現在、企業や学校、地域などあらゆるものが“ブランド”を持っていますが、一人一人の顧客との長期的な信頼関係をどう築くかが課題となっています。そこにウェブサイトが深く関係してきます。サイトは物を売るためだけのものではありません。ホームページの出来が企業や商品の印象を左右するというアンケート結果も、インターネットがマーケティングの中心なりつつあることを示唆しています。
パワー★サイト研究会では、1.ブランド軸(独自性の表現)、2.インタラクション軸(顧客との対話、顧客同士の対話)、3.インテグレーション軸(リアルとネットのマーケティングの統合)、4.ダイナミズム軸(にぎわい感、新鮮さ)の4つの側面からサイトのランキングをしています。最近のサイトは化粧が巧みになりモダンな技術を使ってはいますが、それよりも、ブランドのミッション、思い入れなどがきちんと伝わっているか、歴史や人の顔が見えるか、顧客との会話がきちんとできているかどうかが重要なポイントとなります。

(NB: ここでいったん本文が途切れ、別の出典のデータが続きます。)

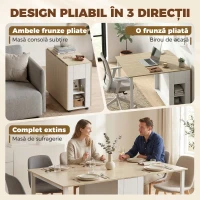 HOMCOM Masă Pliabilă pentru 6 Persoane cu 2 Sertare și 4 Rafturi, Natura(m-5)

手本となるのはホンダのサイトです。トップページはクルマのイラストで、企業のコンセプトが伝わってきます。また車家族会議、熱烈愛犬愛車図鑑、八ヶ岳車菜園などいろいろなコーナーがあり、全国のファンが書き込めるオンラインコミュニティーサイトをたくさん持っています。アクセス数も多く、マスメディアと変わりません。ブランドと顧客をつなぐネットコミュニティー上では、今までできなかった会話ができます。

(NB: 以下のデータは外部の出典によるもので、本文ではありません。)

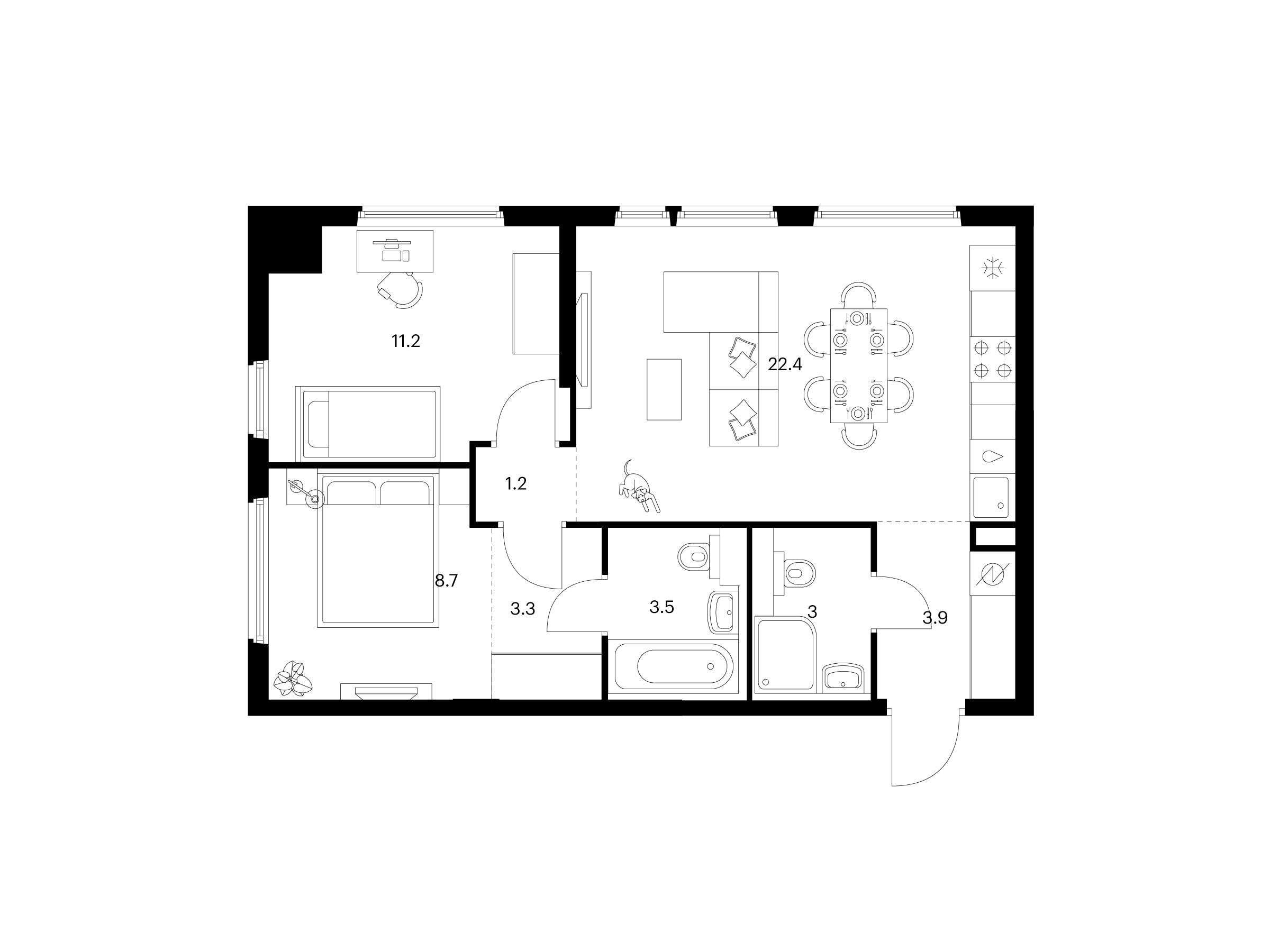 Планировка: 2-комн. квартира 57.20 м² в новостройке Ярославский квартал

またBMWは、それまで出していなかったクラスのコンパクトカーの新車発表にウェブを使い、新規客の開拓に役立てています。
危機管理体制も重要で、不祥事や事故に対して個人が意見を書き入れることも増えました。迅速な対応が必要となります。たとえば新潟中越地震の際、慶応大学は被災地の受験生に対して、来年の受験料を免除するなど特別措置を発表しました。企業では花王が、紙オムツ・石鹸など供出しやすい商品を扱っていることもあり「お見舞申し上げます」とサイト上ですばやく対応したのには感心しました。
サイトは企業、組織を映す「鏡」です。ブランドの整理ができていない、トップページに企業のIRが並ぶ、コンテンツを放置する、問い合わせ機能がないなど、ウェブの欠点はそのまま企業の欠点を表わしています。組織の方向性や特性・ミッションを、単なるテキスト情報だけでなく画像や動画などを活用し、五感を使ってウェブサイトに表現していく必要があるのです。